**Task instructions:** Every line containing the word "Building" must be pulled from the records.

**Information:**
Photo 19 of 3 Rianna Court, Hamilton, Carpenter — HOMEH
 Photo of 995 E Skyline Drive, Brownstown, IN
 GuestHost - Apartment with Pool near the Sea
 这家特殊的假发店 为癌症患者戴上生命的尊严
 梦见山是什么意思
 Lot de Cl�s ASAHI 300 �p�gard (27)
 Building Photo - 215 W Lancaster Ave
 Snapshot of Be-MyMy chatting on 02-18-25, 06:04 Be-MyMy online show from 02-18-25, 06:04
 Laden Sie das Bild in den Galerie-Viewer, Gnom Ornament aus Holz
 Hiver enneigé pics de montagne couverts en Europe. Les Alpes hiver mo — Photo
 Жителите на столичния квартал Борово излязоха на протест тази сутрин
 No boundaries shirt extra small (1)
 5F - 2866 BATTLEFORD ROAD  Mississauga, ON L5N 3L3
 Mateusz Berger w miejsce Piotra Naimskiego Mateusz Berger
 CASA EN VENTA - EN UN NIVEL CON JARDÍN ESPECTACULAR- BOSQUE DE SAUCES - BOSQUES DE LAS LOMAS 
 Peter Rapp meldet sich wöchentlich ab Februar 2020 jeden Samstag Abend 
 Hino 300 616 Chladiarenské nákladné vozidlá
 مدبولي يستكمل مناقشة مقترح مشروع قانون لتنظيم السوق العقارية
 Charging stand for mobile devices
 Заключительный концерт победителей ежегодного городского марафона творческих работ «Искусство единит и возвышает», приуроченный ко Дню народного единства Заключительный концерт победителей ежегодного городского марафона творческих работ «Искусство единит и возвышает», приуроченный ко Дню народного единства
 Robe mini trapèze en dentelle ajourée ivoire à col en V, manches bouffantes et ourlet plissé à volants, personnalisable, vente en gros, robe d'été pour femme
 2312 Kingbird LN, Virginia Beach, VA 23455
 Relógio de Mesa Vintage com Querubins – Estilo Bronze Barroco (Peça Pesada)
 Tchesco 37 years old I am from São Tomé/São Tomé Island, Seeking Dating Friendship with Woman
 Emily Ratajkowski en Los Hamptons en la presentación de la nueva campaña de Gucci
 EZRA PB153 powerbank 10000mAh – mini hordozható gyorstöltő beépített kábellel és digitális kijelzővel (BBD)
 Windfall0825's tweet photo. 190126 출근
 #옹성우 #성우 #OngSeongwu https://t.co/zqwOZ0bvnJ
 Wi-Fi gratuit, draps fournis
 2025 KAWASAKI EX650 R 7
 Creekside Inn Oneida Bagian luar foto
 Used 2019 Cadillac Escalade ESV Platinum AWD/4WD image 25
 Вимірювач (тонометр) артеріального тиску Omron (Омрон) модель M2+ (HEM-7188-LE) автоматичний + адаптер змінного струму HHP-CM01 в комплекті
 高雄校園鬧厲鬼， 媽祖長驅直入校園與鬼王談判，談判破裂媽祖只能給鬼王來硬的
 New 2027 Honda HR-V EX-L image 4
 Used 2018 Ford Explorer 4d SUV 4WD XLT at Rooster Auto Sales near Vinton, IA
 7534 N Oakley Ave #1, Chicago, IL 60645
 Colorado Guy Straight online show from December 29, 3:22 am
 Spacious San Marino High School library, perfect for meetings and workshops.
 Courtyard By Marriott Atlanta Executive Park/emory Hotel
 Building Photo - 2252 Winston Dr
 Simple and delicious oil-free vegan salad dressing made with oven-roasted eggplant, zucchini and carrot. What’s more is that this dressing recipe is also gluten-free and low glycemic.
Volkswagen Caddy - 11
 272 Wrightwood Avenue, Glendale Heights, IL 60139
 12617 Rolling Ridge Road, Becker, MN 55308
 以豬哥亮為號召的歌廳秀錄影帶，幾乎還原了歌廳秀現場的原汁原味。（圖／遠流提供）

**Solution to this exercise:**
 Building Photo - 215 W Lancaster Ave
 Building Photo - 2252 Winston Dr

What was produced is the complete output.